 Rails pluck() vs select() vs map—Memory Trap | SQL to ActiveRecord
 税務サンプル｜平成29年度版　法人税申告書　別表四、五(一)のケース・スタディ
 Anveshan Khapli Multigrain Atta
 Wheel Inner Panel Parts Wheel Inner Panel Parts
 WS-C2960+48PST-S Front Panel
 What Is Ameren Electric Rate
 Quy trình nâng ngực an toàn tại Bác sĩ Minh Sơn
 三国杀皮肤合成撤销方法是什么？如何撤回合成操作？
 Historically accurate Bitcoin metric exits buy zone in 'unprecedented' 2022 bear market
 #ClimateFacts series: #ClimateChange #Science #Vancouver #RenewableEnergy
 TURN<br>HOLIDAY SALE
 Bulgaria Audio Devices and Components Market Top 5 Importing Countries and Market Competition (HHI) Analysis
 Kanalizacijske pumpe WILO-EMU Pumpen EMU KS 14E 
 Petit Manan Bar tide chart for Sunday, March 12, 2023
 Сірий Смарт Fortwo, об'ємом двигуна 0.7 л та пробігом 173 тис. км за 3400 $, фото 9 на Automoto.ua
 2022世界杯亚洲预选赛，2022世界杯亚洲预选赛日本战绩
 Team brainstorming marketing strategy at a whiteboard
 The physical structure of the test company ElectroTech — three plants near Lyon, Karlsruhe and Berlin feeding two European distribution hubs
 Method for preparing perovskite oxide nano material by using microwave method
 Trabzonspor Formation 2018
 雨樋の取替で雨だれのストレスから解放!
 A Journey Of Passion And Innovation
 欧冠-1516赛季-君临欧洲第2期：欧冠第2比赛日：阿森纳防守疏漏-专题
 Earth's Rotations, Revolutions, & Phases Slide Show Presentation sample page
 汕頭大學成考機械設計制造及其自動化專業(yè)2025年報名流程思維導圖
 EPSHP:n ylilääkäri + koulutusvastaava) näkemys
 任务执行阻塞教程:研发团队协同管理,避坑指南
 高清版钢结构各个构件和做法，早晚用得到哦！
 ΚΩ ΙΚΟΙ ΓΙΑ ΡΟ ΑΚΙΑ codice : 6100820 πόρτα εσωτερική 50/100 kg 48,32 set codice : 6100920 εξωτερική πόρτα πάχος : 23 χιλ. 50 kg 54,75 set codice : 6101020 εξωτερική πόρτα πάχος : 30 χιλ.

◆ WORK TO COMPLETE
Answer with the count alone: how many lines in the data above have "Panel" in them?

◆ RESPONSE BOX
2